The strength and resilience of DUC’s community has never been more apparent, or important, than it is now. During the past several weeks, we’ve leaned on each other as we navigate the challenges of COVID-19. Today, our hearts are with friends, family and colleagues in Nova Scotia and across Atlantic Canada who are grappling with this weekend’s tragic events.

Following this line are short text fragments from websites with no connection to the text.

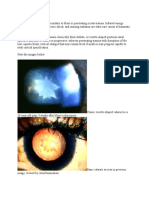 Traumatic Cataracts Occur Secondary To Blunt or Penetrating Ocular Trauma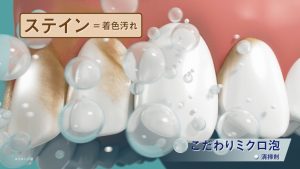 マスクの下の“おさぼりステイン”をやっつけろ！ 永野芽郁出演のオーラツー最新 TVCM4月30日(土)から放送開始！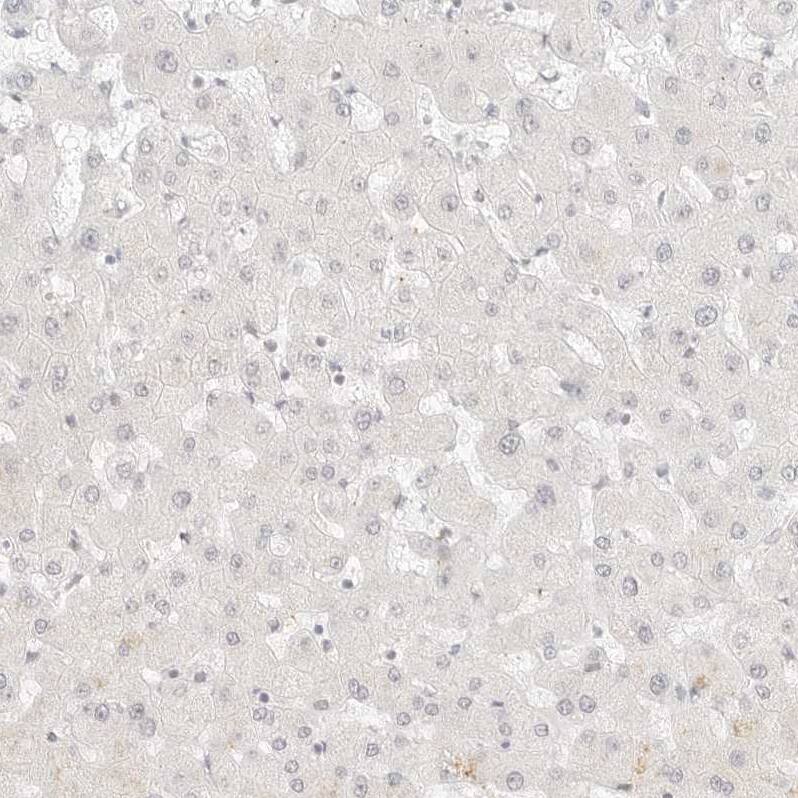G protein alpha Antibody - BSA Free Immunohistochemistry-Paraffin: G protein alpha Antibody - BSA Free [NBP1-89753]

Our 5,200 volunteers are the heart of our community and are providing us with tremendous support as we find a new path forward. At the same time, they’re stepping up in unique and thoughtful ways to bolster their cities, towns, neighbourhoods, clubs and causes that are important to them. For these generous and caring people, volunteering is more than just giving back. It’s their way of life.
This week is National Volunteer Week, an opportunity to honour how truly special they are. I encourage you to visit our National Volunteer Week webpage where we celebrate some outstanding members of our volunteer team. This includes John Johnston, an incredible 41-year volunteer from New Brunswick who has been recognized as our National Volunteer of the Year. It includes Amy Smith, a passionate volunteer from Nova Scotia whose strong community spirit is providing strength during this time of loss. It includes people from every corner of our great country. Each is a testament to the generous spirit that exists within all DUC volunteers.
Together, our volunteers are committed fundraisers, donors, brand ambassadors and community leaders who bring our conservation work to life. During National Volunteer Week, and indeed every week of the year, we’re humbled to travel this journey with them.